Les effets de la catastrophe nucléaire de 2011 continuent de nourrir l’inquiétude des Sud Coréens quant au niveau de radiation dans la ville de Fukushima. En réponse à cette situation, l’ambassade du Japon à Séoul a entrepris de publier sur son site un rapport quotidien mesurant les taux des radiations dans deux villes de la région de Fukushima avec Tokyo et Séoul comme base de comparaison.

“L’intérêt pour les niveaux des radiations au Japon a augmenté récemment, en particulier en Corée du Sud”, indique l’ambassade sur son site.

Suite à un différend historique sur les travailleurs coréens enrôlés de force par des entreprises nippones durant l’occupation, les relations entre les deux pays se sont détériorées et des restrictions commerciales ont été mutuellement imposées. La Corée du Sud qui invoque de surcroit les risques radioactifs de Fukushima a renforcé ses contrôles de radiation sur les produits alimentaires importés du Japon.

Les réticences se poursuivent par une interdiction plaidée par des députés sud-coréens de voyager au Japon ainsi que par le boycott des Jeux olympiques de Tokyo prévus pour l’été 2020.

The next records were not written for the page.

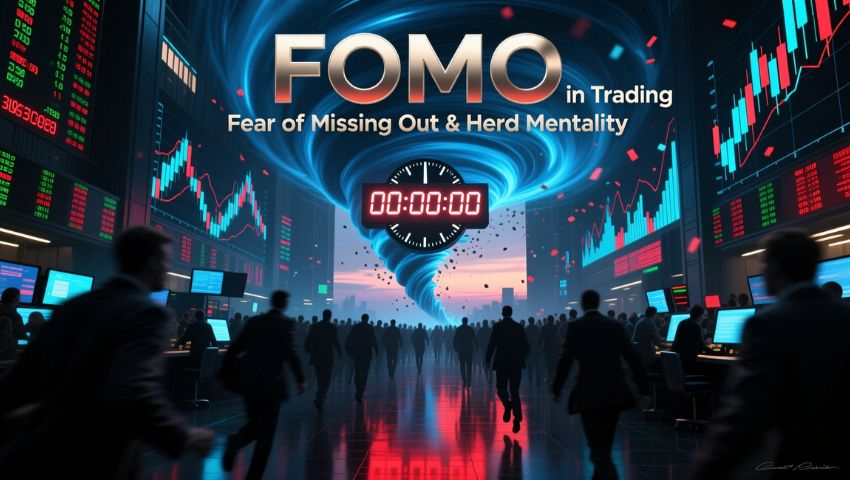 FOMO in Trading Fear of Missing Out & Herd Mentality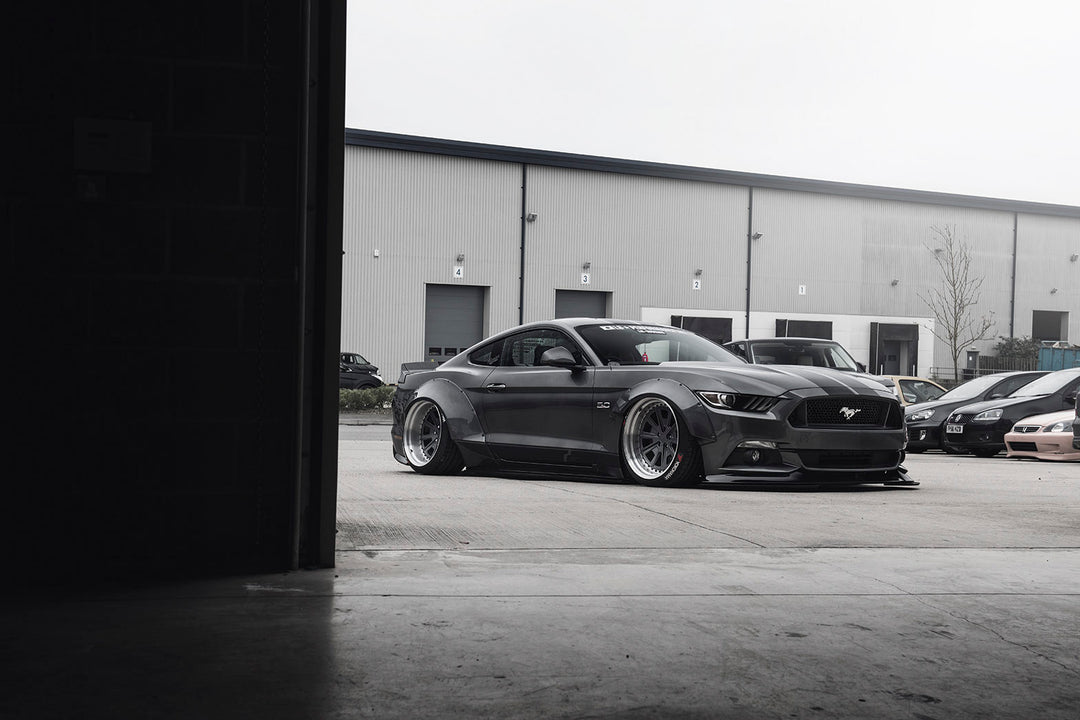 LB-WORKS FORD MUSTANG 2015y~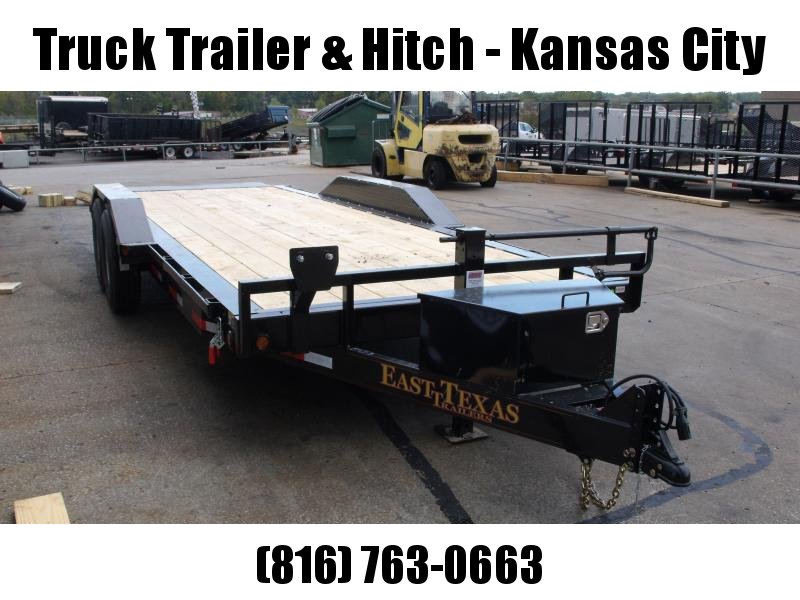 Tilt Trailer 83 X 20 Equipment Trailer 14000 GVW Torflex Axles Tilt Trailer 83 X 20 Equipment Trailer 14000 GVW Torflex Axles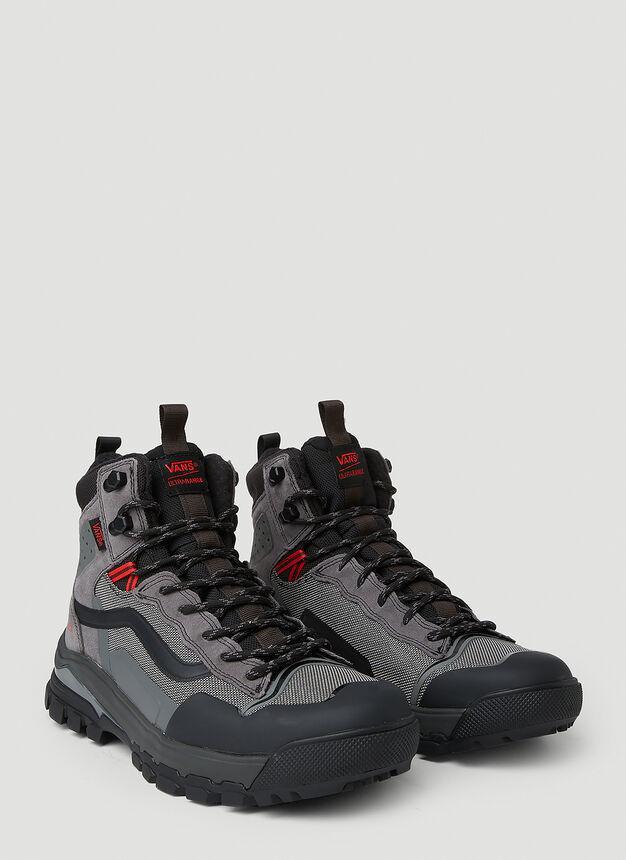 商品Vans|Ultrarange EXO Hi Gore-Tex MTE 3 Hiking Boots in Grey,价格¥1798,第4张图片详细描述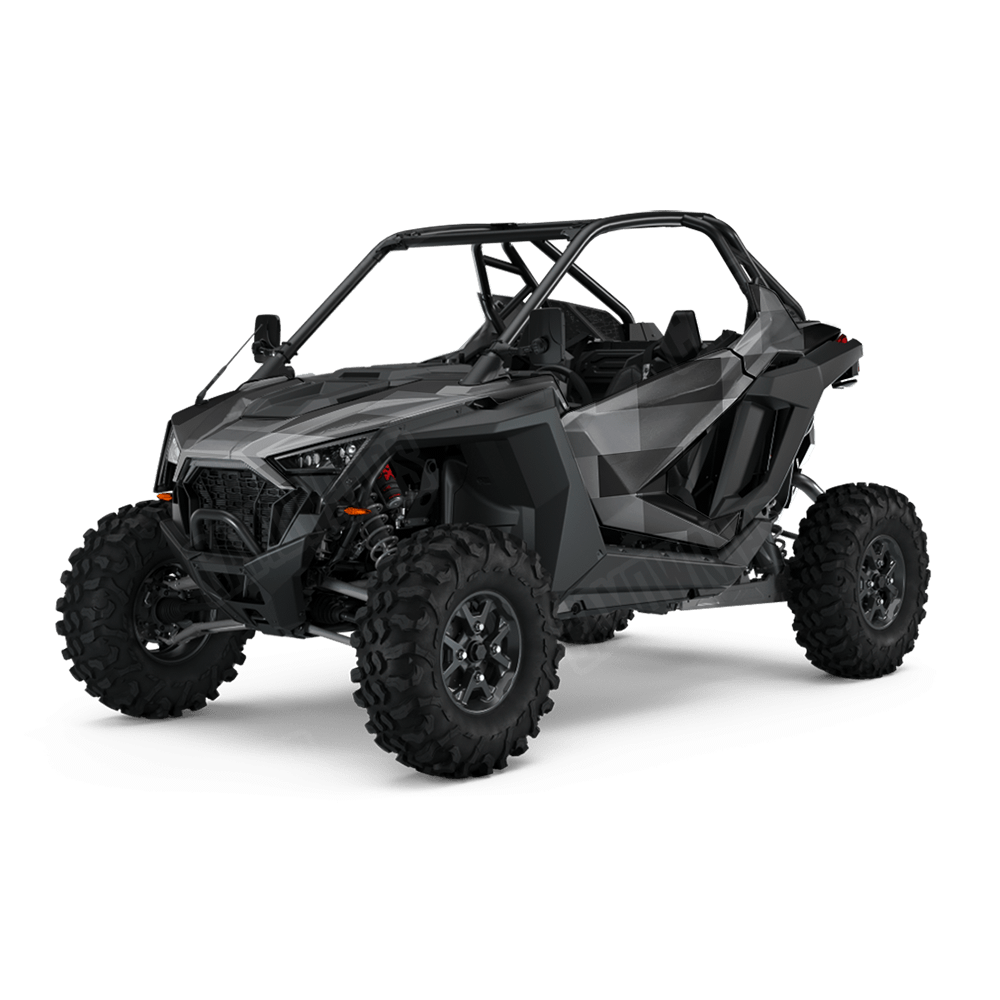 Pixel Midnight UTV Wraps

“Le gouvernement japonais espère que la compréhension par les Sud-Coréens des niveaux de radiations au Japon va s’améliorer, comme nous continuons de fournir des informations précises, basées sur des preuves scientifiques et clairement expliquées”, insiste l’ambassade, dans un texte publié à la fois en japonais et en coréen.

Selon les derniers chiffres publiés par l’ambassade du japon, la ville de Fukushima enregistre un niveau de radiation de 0,135 microsievert par heure, quasiment comme Séoul (0,120) laquelle dépasse considérablement Tokyo (0,036).

Le microsievert revient à un millième de millisievert, le sievert représentant une “unité utilisée pour donner une évaluation de l’impact des rayonnements sur l’homme” d’après le Commissariat à l’énergie atomique et aux énergies alternatives (CEA).